HS_Coach_C
Starter
I think one of the worst things that happened for Frost's development as a coach was UCF's perfect season. It was a great accomplishment, but it got him thinking that everything they did needed to be replicated exactly. One of those things was the pace of practice and just getting more reps in rather than fixing anything the same day. It's unfortunate that it's taken this long to adjust.I read this last night and decided to sleep on it. This morning I'm just lost. If what SSO is saying is true in his post, it points to a complete s#!t show of coaching on the offensive side of the ball. You wonder why it took so long to cut bait with some of those guys.
You have players not being coached up with instant feedback but rather hoping mistakes will be addressed later, on film á la the Callahan years. That might work in the NFL but college kids are a different story.
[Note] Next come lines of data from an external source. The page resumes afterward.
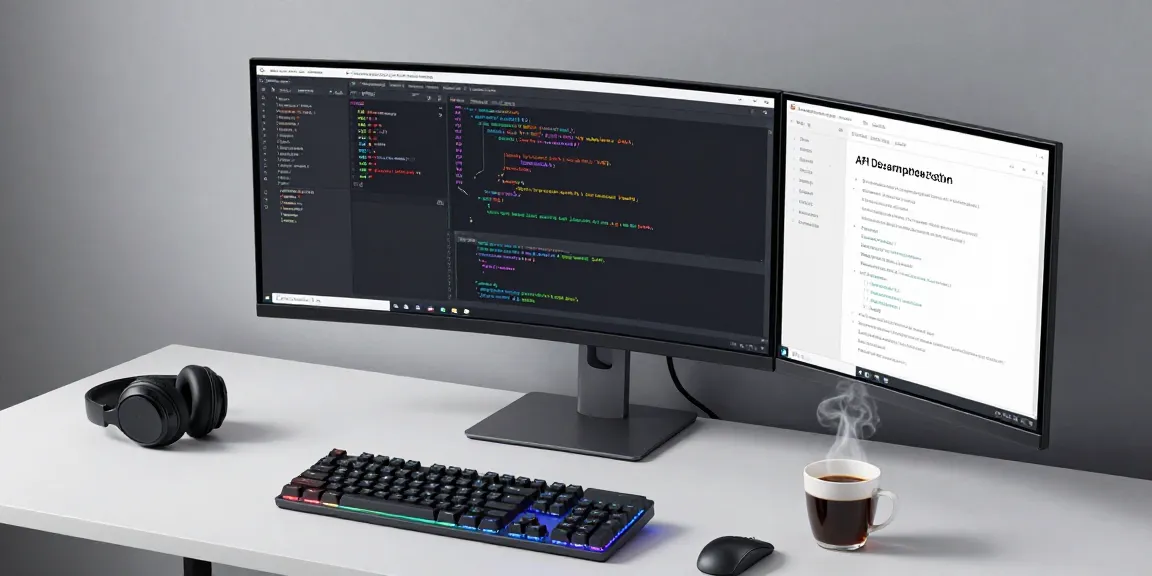 gi8 com software development workspace with cloud computing tools and AI technology interfaces.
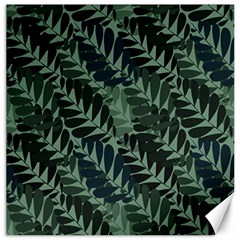 Background Pattern Leaves Texture Design Wallpaper Canvas 20  X 20  by pakminggu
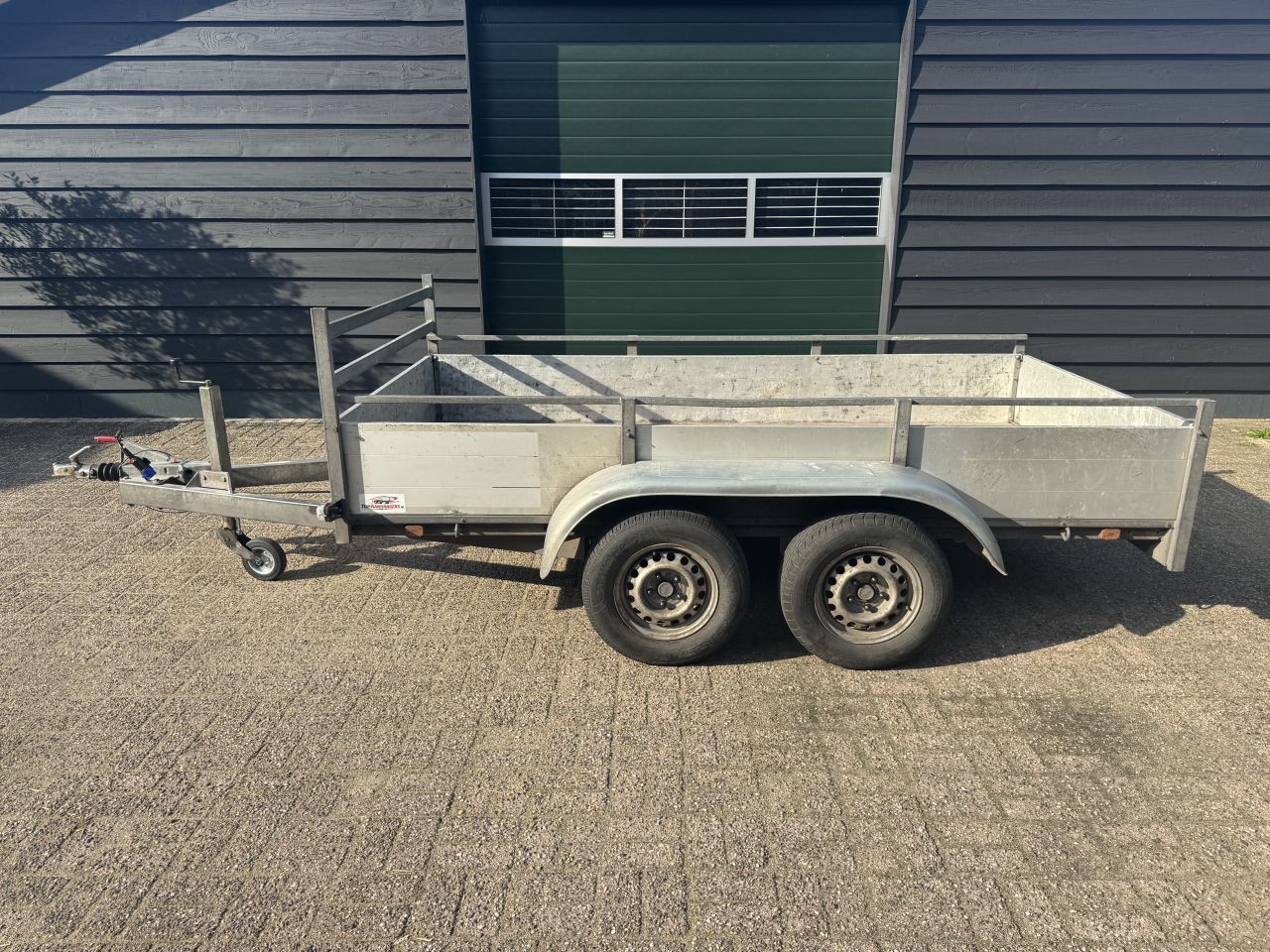 Anssems aluminium bakaanhangwagen tandemasser 2000kg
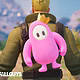 fortnite fall guys pink plushie back bling rewards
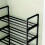4-Tier Black Metal Shoe Rack Organizer 2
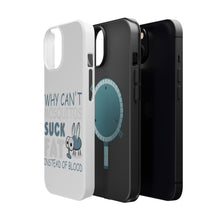 DistinctInk ToughCase for Apple iPhone, Compatible with MagSafe Charging - Why Can't Mosquitos Suck Fat Instead of Blood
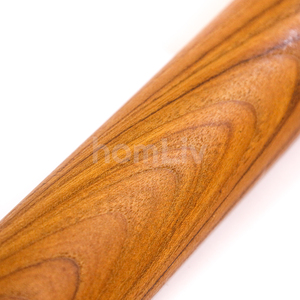 Natural Teak Wood <b>Rolling</b> <b>Pin</b> Sustainable Food Safe No Paint and Varnish Halal Customized Kitchen - Product Image 6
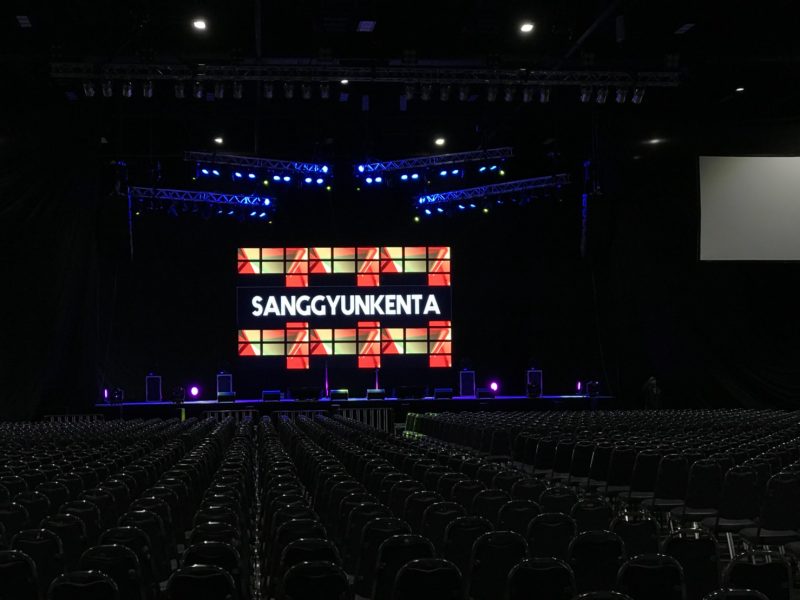 เช่าจอ LED_งานConcert SANGGYUN KENTAALT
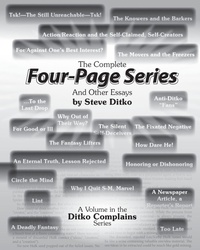 Enlarge image Cover: The Complete Four-Page Series And Other Essays - SD Publishing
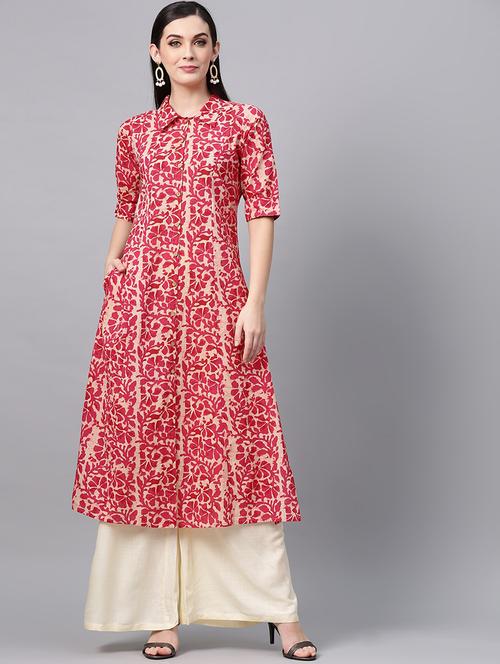 floral a-line kurta - 17433807 - Very Small Image - 1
You have coaches not wanting to recruit even within the borders of Nebraska. How can a team that has the cards stacked against them in recruiting employee any coaches that aren't into, or aren't any good at, recruiting?
Then you have coaches being buddy buddy with players. It's like a hodgepodge of the worst mistakes from our previous three or four coaches. Will this program ever figure it out?
The alarming part is all this is was happening on Frost's watch. His calling card was supposed to be an offense that dominated while the defense held up long enough to get the offense the ball back. Instead it's been the other way around. It's just head scratching that Frost allowed this kind of "commitment" to the job to go on while his product was burning down all around him. He either couldn't see it or wouldn't address it. Either way it makes me wonder even more about all the little decisions we've all seen from Frost.
For all the talk of fixing the culture in the locker room it's sounds like the culture in the coaching offices needed to also be addressed. Hopefully that happened this fall but is common sense learned or is it innate?